If you want to spend less, the very first step is to pay attention to what you’re spending money on. Then think seriously about the necessity of everything you buy. Try to avoid impulse purchases by giving yourself the time to think carefully about whether you really need and can afford the item.
As a rule of thumb, all loans except your home mortgage are bad. So try not to take on any new debt and pay off your credit card in full every month. Keep a rainy day fund so that emergency expenses don’t end up on your credit card. And if you are in a position to pay off debt, focus first on the most expensive debt.
The best way to save is to automate the process by setting up a direct debit to a deposit account. This creates a savings habit and will make you much less likely to reduce or stop monthly contributions. And mentally putting this account out of easy reach will help you avoid the temptation of raiding it in the short term.
Financial planning is essentially about how we should allocate our money over our whole lives. For most of us, this means we must put some money away (in investments and pensions) for a time when we have no employment income. To put it simply, buying a Ford Fiesta now rather than a Ford Focus (and investing the difference) could mean your 70 year old self can drive a Lexus (rather than a Yaris!)
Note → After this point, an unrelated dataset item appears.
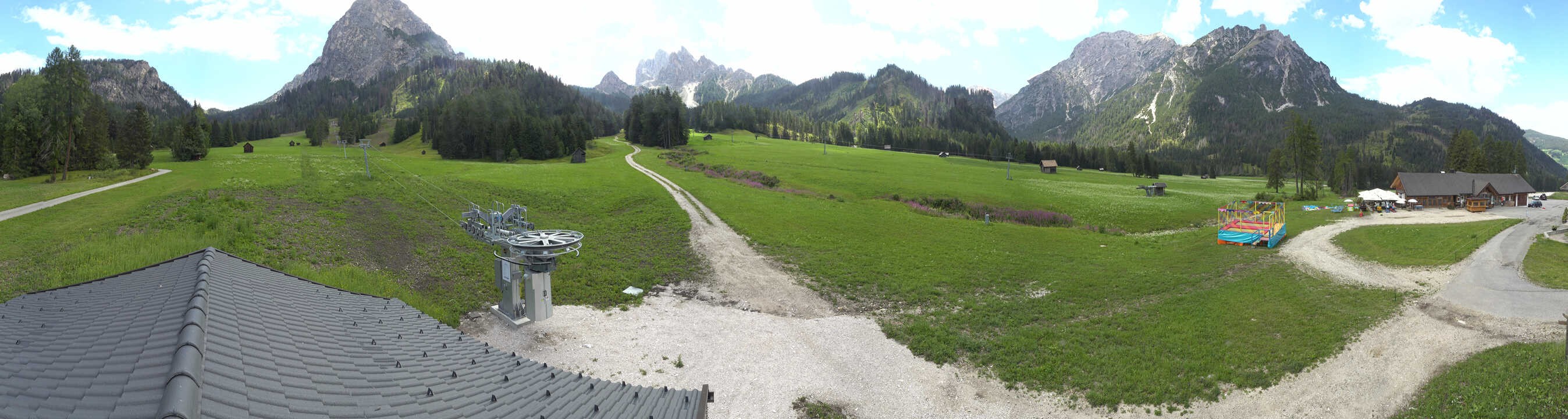 Archiv Foto Webcam Drei Zinnen Dolomiten - Skilifte Prags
The State Pension may have been increased by €5 a week (whoopie doo!) but let’s not plan that Mediterranean cruise just yet. Much more importantly, continued pension contribution tax relief remains. It’s one of the last few meaningful tax reliefs so now is not the time to stop thinking about saving for retirement.
A reduction in USC (and a few other very minor tweaks to tax credits) will result in us all seeing a little bit more money in our pocket. This may provide an opportunity firstly, to begin to pay off expensive debt, and secondly to save more. The DIRT (tax on savings) reduction from 41% to 39% is pretty irrelevant with deposit rates so low so once you have an appropriate emergency cash reserve you really do need to consider a higher earning medium to long term investment strategy.
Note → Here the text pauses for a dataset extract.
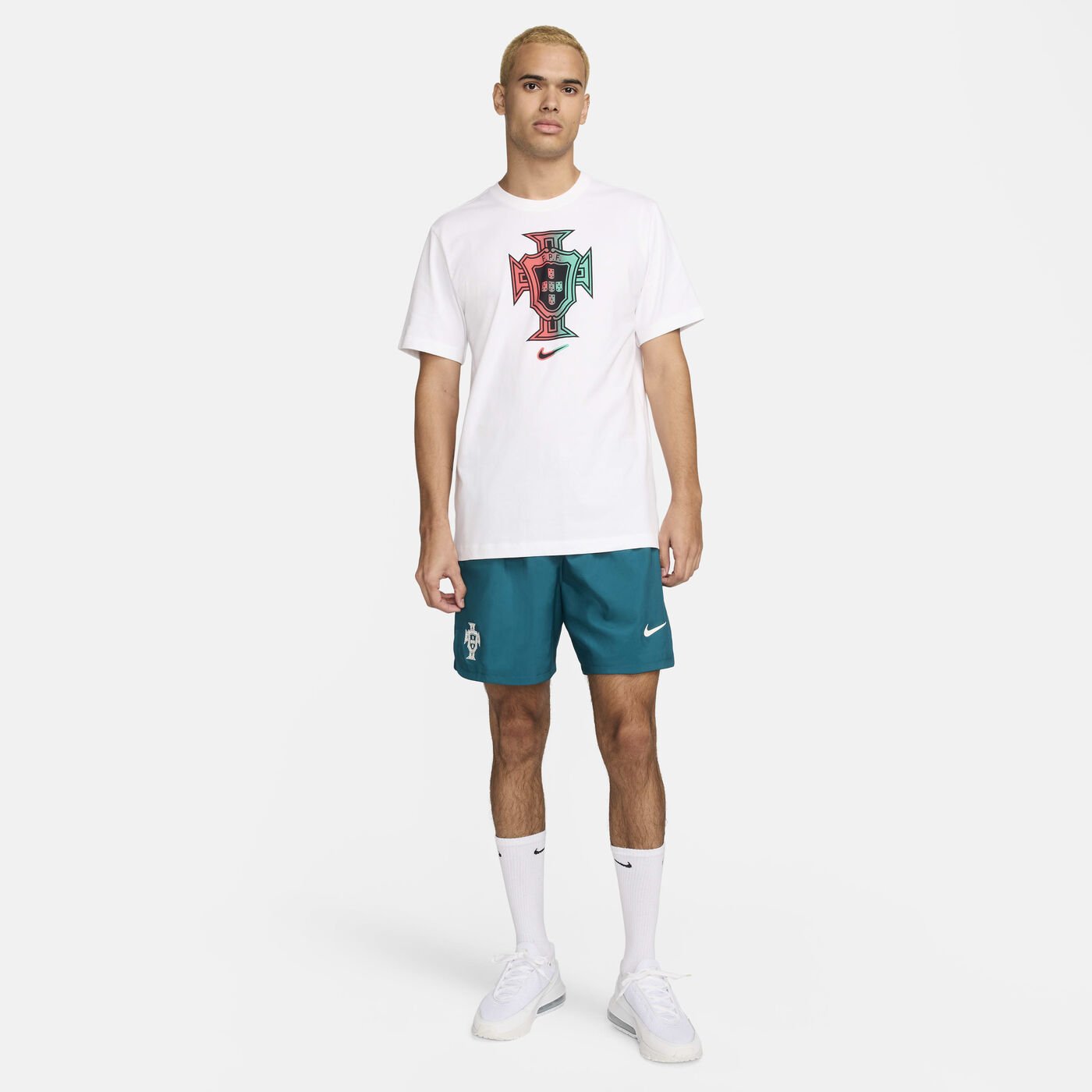 Men's Portugal Football T-Shirt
The controversial Help to Buy Scheme offers first time buyers a tax refund of 5% of the value of a new home worth up to €600,000 but with a maximum rebate (from income tax already paid) of €20,000. Money Smart is a strong believer that you should own your own home (see our blog on this here) so this new incentive will hopefully help.
The Home Renovation Incentive Scheme has been extended for two more years. This popular tax credit effectively gives you full relief against the 13.5% VAT rate on home repairs or improvements. On top of that, the very practical Rent a Room (Tax) Relief rises to €14,000 per annum, although Airbnb is excluded.
While the rise in the parent to child inheritance tax threshold to €310k is welcome, the continued inclusion of the family home in the taxable estate and the unchanged 33% inheritance tax rate ensures that the many of us will also be passing on a very large tax bill to our children. Thus the need for financial planning advice on how to minimise this liability remains as important as ever.